Au fur et à mesure que la traque se poursuit, que des réseaux islamistes liés à Al Qaïda tombent aux mains de la justice de nos pays, une évidence peu à peu se découvre. Il ne s’agit pas de miséreux achetés ni convertis et fanatisés pour une bouchée de pain, mais le plus souvent d’intellectuels au chômage, de gens ayant une solide formation, parfois universitaire, et acquise sur les campus américains ou européens, mais n’ayant pas trouvé de poste chez nous, ni dans leur pays. On découvre que les « intellectuels » peuvent être dangereux.
Ils ne sont pas seulement dangereux parce qu’ils peuvent affirmer n’importe quoi et parvenir à le justifier « intelligemment », et que le totalitarisme apparaît dès que tout est possible. Ils ne le sont pas seulement parce qu’ils sont représentatifs des élites, de ceux qui en tête de nos sociétés désignent le désirable et le haïssable. Ils le sont parce qu’ils rassemblent, dans toutes nos sociétés, ceux qui ont acquis des compétences en trop, des compétences inemployées, des surcompétences : et qu’il faut bien dépenser ou détruire ces stocks inutiles, qui sont des bombes à retardement.
Or de telles personnes, il y en a de plus en plus dans notre monde. Pas seulement dans les banlieues du Caire ou d’Islamabad, mais sur tous nos campus occidentaux et parmi nos chômeurs. Et pas seulement parmi les enfants d’immigrés, mais parmi les petits fils de français, déshérités, désaffiliés, se cherchant un nouveau moyen âge. Oui, ce sont nos intellectuels déclassés, nos techniciens inemployés, nos créatifs marginalisés et amers qui sont aujourd’hui dangereux. Et d’abord dangereux pour eux-mêmes.
Al Qaïda est dangereux pour nos sociétés, bien sûr, parce qu’à l’âge de la mondialisation, des réseaux et des mafias, cette organisation lance un défi à nos États classiques. Mais Al Qaïda est plus dangereux encore pour l’islam, car c’est d’abord l’islam intelligent qu’il attaque, et il prépare une longue période de méfiance à l’égard de l’islam – de même que nos guerres de religions ont préparé une longue période anticléricale.
Il m’est arrivé de faire un rêve. La France, qui n’attire presque plus les chercheurs et les intelligences, ou qui dresse des barrages de visas qui découragent les meilleures volontés, pourrait se donner un ambitieux programme pour accueillir les chercheurs en provenance du monde musulman, dans quelques secteurs pilotes. Mais pour ce faire, il faudrait bien sûr qu’elle fasse de même pour les chercheurs d’origine israélienne qui voudraient venir en France.

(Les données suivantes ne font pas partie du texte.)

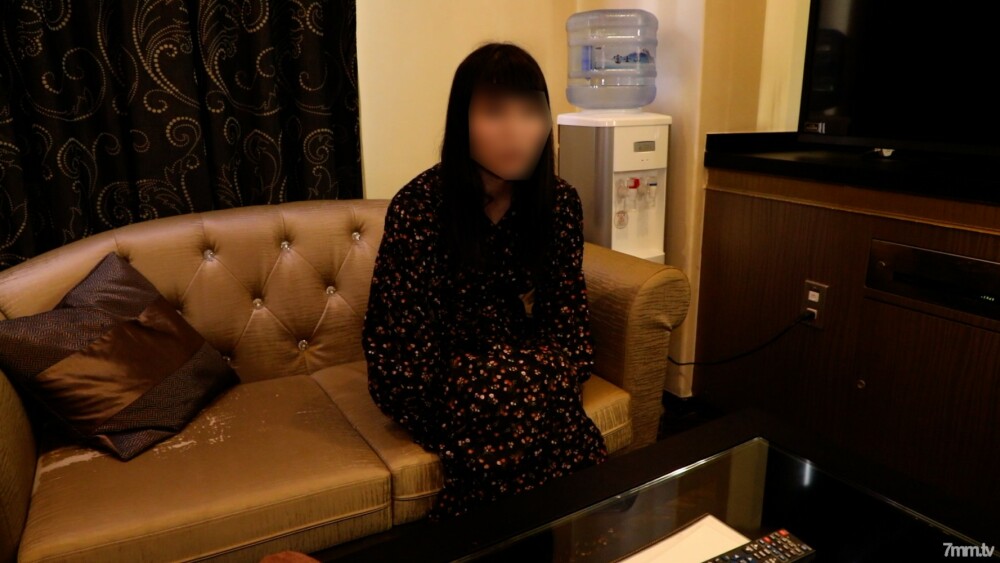 FC2-PPV-1436373 [个人拍摄x已婚妇女NTR] 一个清醒的妻子除了她的丈夫之外不认识一个男人，被穿上了令人尴尬的内衣，一个开朗的黑人士兵被非标准的decamara阴道射了很多。 * 主线剧情出现在线观看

Et de cela aussi, nous sommes encore loin. Non pas seulement que la France n’est actuellement pas attractive pour les Israéliens, mais parce qu’en général, elle ne cherche pas à être attractive. Elle ne voit pas que ce serait pourtant un des meilleurs gages de notre avenir.

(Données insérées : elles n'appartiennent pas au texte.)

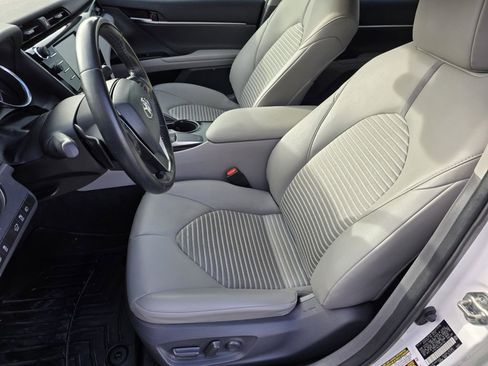 Used 2020 Toyota Camry SE image 30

Ce qui manque à notre monde, c’est le surgissement soudain d’une générosité incompréhensible qui n’obéisse à aucun calcul et déjoue les stratégies. Par exemple de faire un pont d’argent pour attirer sur un nouveau campus tous ces intellectuels israéliens et musulmans qui portent aujourd’hui le malaise de notre monde, qui en sont en quelque sorte les « fusibles ». Non parce que nous aurions le bon message à leur apporter, mais pour leur donner les conditions afin qu’ils se mettent enfin à la hauteur des pierres et des paroles qu’ils lancent contre un monde qu’ils détestent. Pour les obliger à inventer quelque chose. Et à le tenir.